• Provided information:
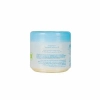 Johnson's Baby Jelly Fragrance Free 100 ml2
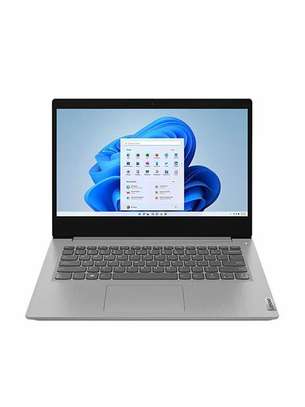 lenovo ideapad 1 14igl7 DUAL CORE image 1
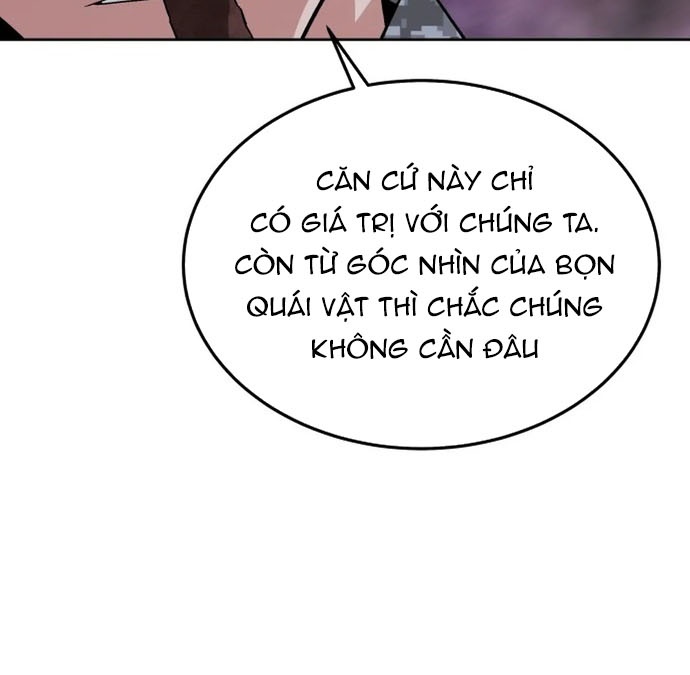 Thức Tỉnh Đầu Bếp Hậu Tận Thế Chapter 56 - Trang 2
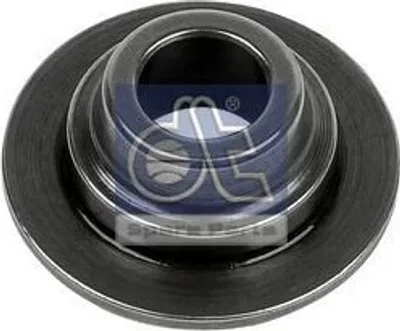 Produktbild von DT Spare Parts Ventilteller 4.50393 passend für MERCEDES-BENZ VARIO Kasten/Kombi 11,3mm 9,5mm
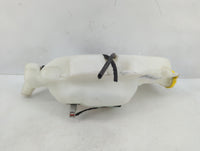Dodge Ram 1500 Windshield Washer Fluid Reservoir Bottle Oem - Oemusedautoparts1.com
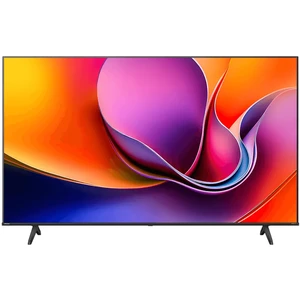 Hisense 43A6Q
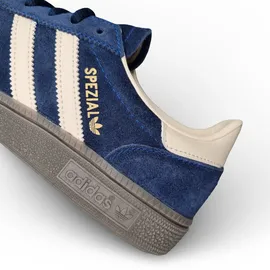 adidas Handball Spezial Herren Night Indigo 38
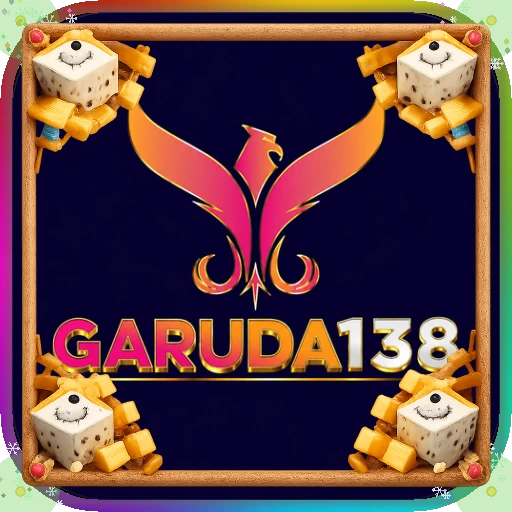 Download garuda138 APK Original untuk Android dan bingo188: Rangkuman Brand yang Banyak Dicari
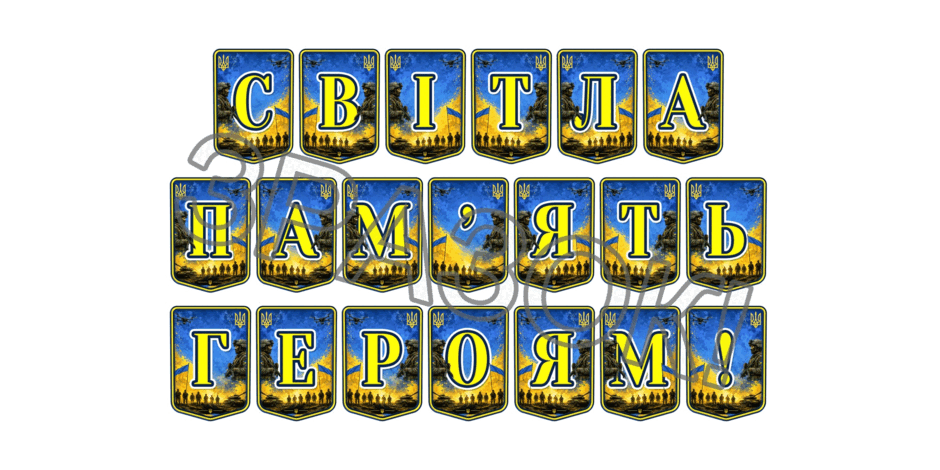 11000aw4-dbf2-940x470.png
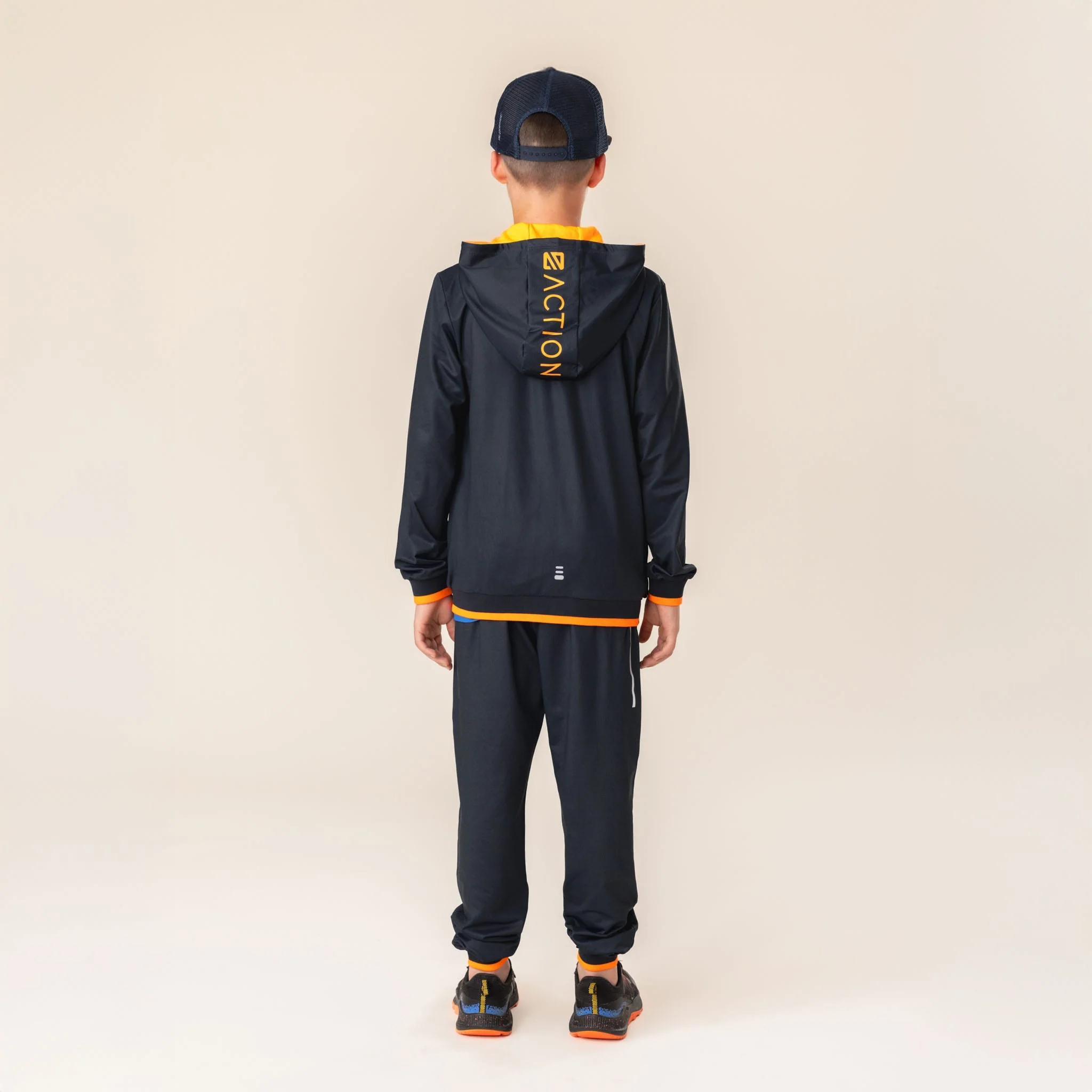 Kangourou Zip Jeu 4-12ans - Image 6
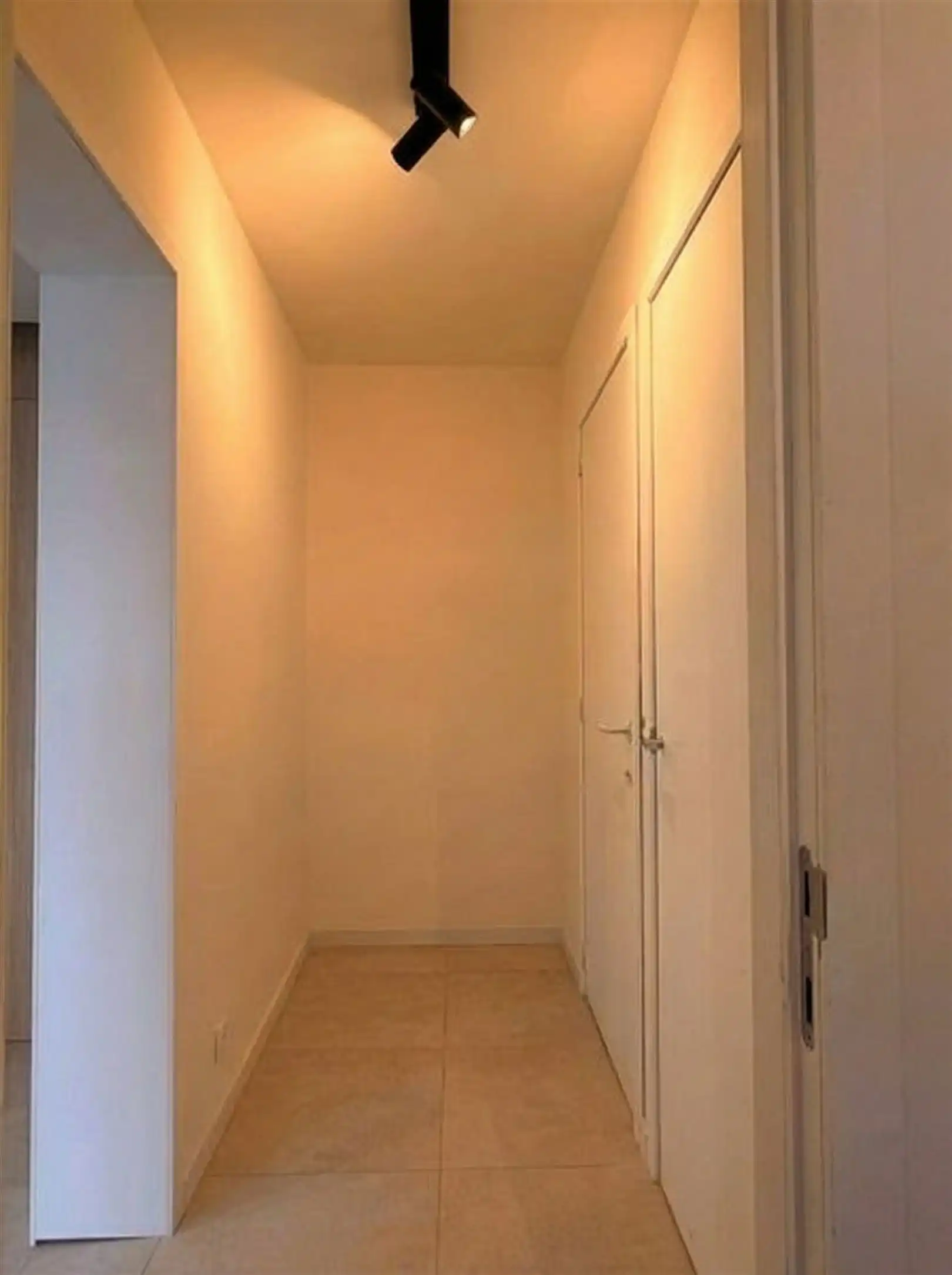 Moderne woning met 3 slaapkamers foto 2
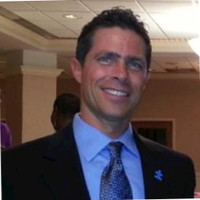 Stephen Casavant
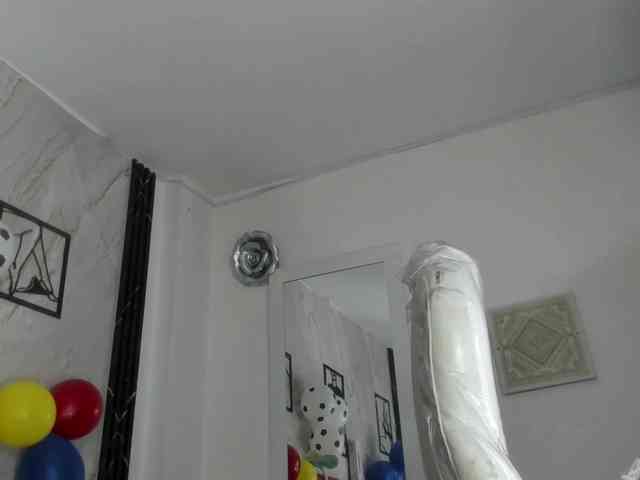 Kazsandra webcam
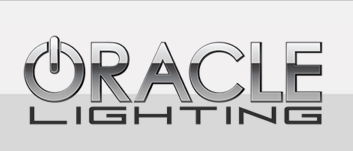 Oracle Lighting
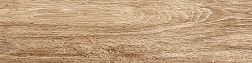 Gracia Ceramica Simply Orsa Beige Pg 01 Бежевый Матовый Керамогранит 12,5x50 см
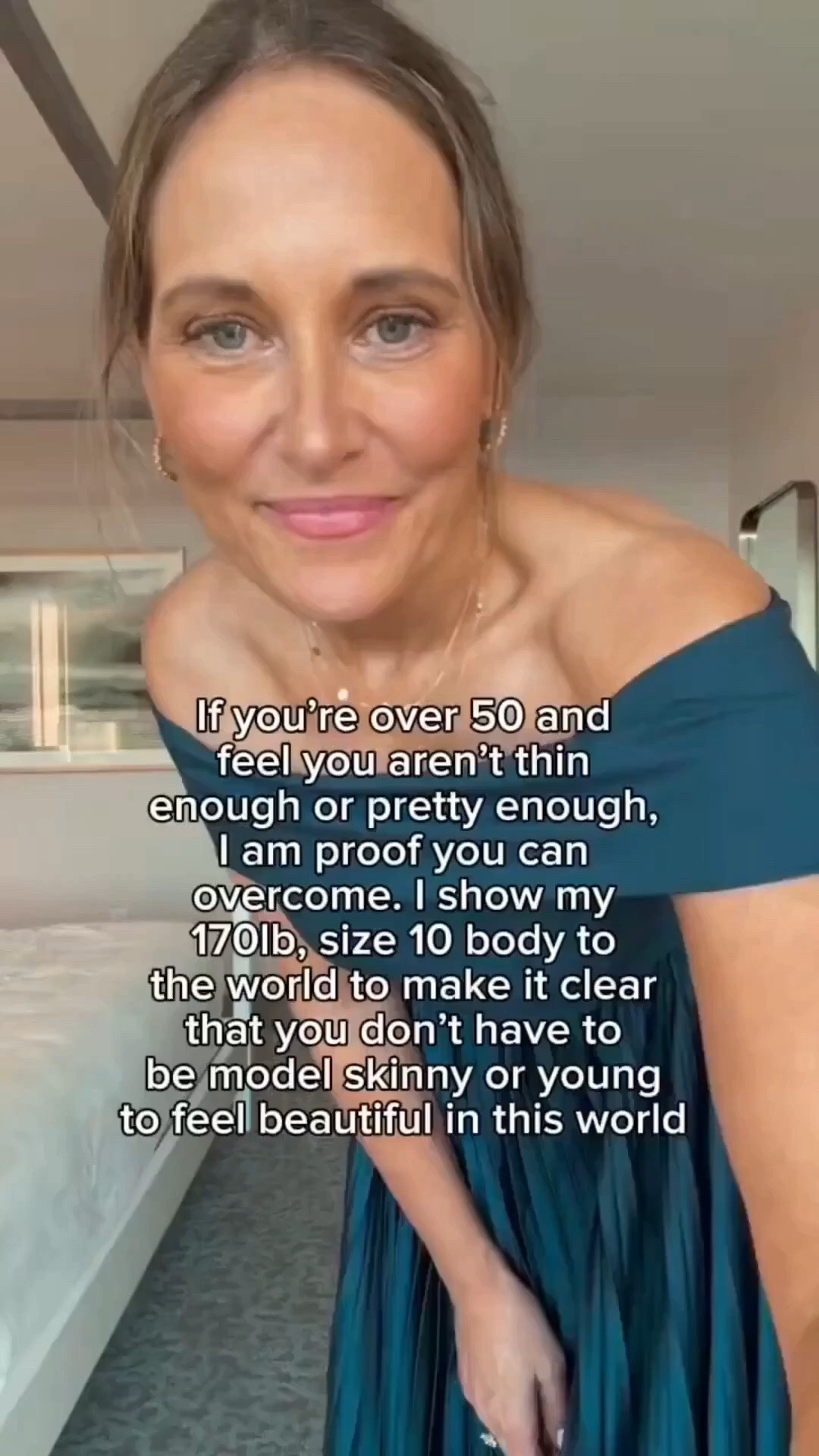 Every woman deserves a dress that helps her feel confident and comfortable. This one is a beautiful choice for weddings, church, dinner dates, and all the special moments on your calendar. It’s the kind of dress you’ll reach for when you want to feel your best while making lasting memories. s

#LTKdayinmylife #LTKOver40 #LTKMidsize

• Exercise goal:
Leaving the pictures aside, transcribe exactly the lines from the one containing "Kazsandra webcam" to the final line of the entries above, both ends included.

• Task result:
 Kazsandra webcam
 Oracle Lighting
 Gracia Ceramica Simply Orsa Beige Pg 01 Бежевый Матовый Керамогранит 12,5x50 см
 Every woman deserves a dress that helps her feel confident and comfortable. This one is a beautiful choice for weddings, church, dinner dates, and all the special moments on your calendar. It’s the kind of dress you’ll reach for when you want to feel your best while making lasting memories. s

#LTKdayinmylife #LTKOver40 #LTKMidsize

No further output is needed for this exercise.